DATA SECTION:

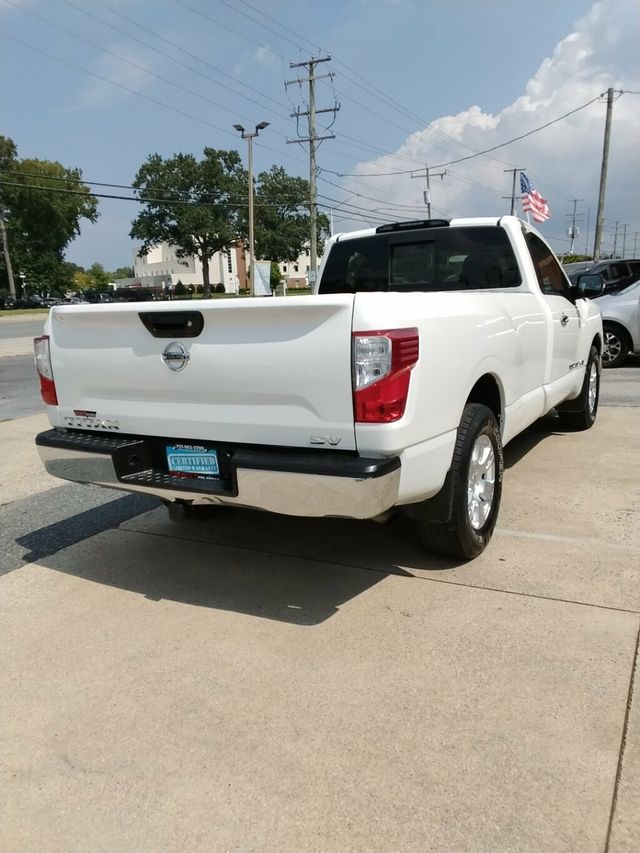 2018 Nissan Titan LONG BED - 23075554 - 3
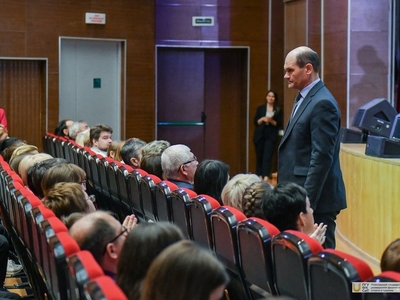 День открытых дверей - 23.04.2023г. / Фото: Ралина Фаваризова, Павел Железняк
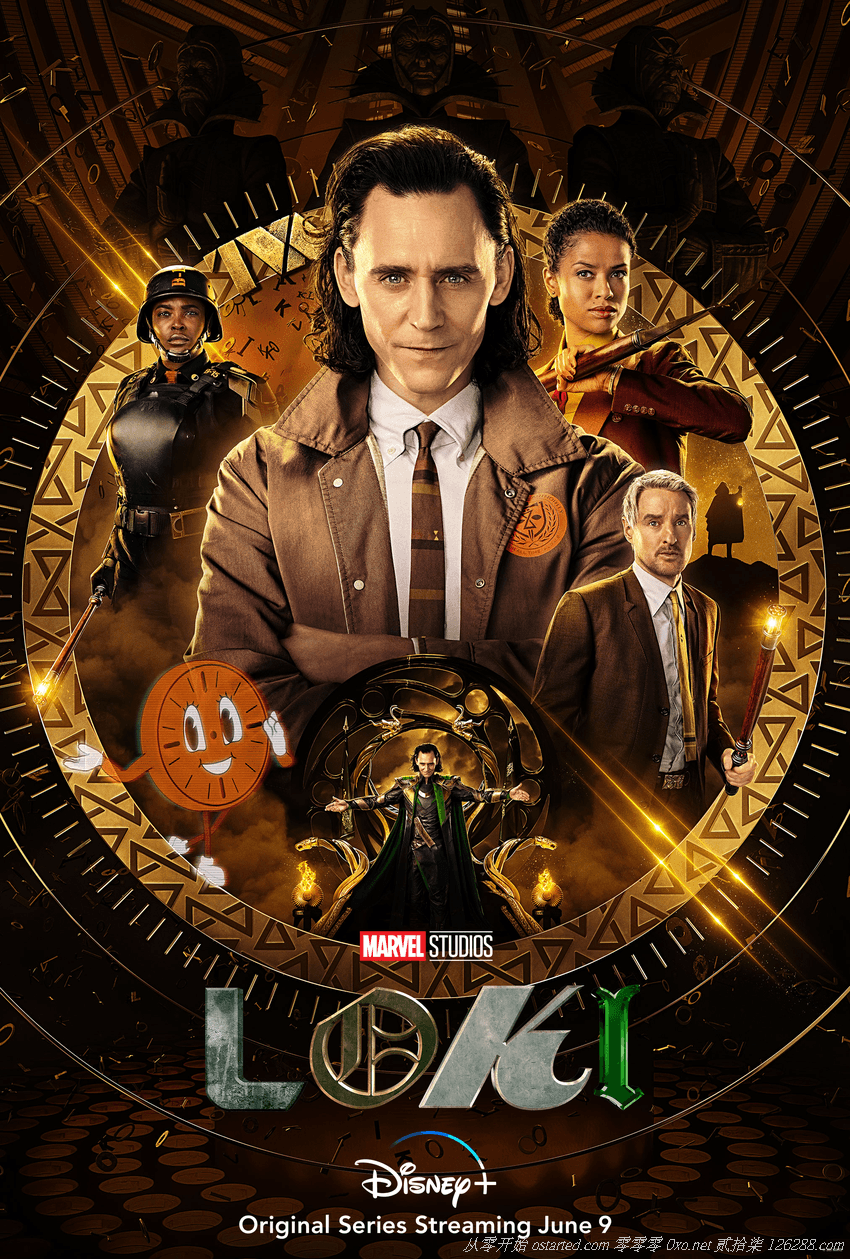 洛基 第一季 1080p 全6集 BT下载 Loki S01 4K (2021) 英语中字 - 第2张图片 | 細水長流 洛基 第一季 1080p 全6集 BT下载 Loki S01 4K (2021) 英语中字 - 第2张图片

HOW TO COMPLETE THIS TASK:
The full data, repeated exactly and stripped of its pictures, is the expected answer.

RESPONSE:
 2018 Nissan Titan LONG BED - 23075554 - 3
 День открытых дверей - 23.04.2023г. / Фото: Ралина Фаваризова, Павел Железняк
 洛基 第一季 1080p 全6集 BT下载 Loki S01 4K (2021) 英语中字 - 第2张图片 | 細水長流 洛基 第一季 1080p 全6集 BT下载 Loki S01 4K (2021) 英语中字 - 第2张图片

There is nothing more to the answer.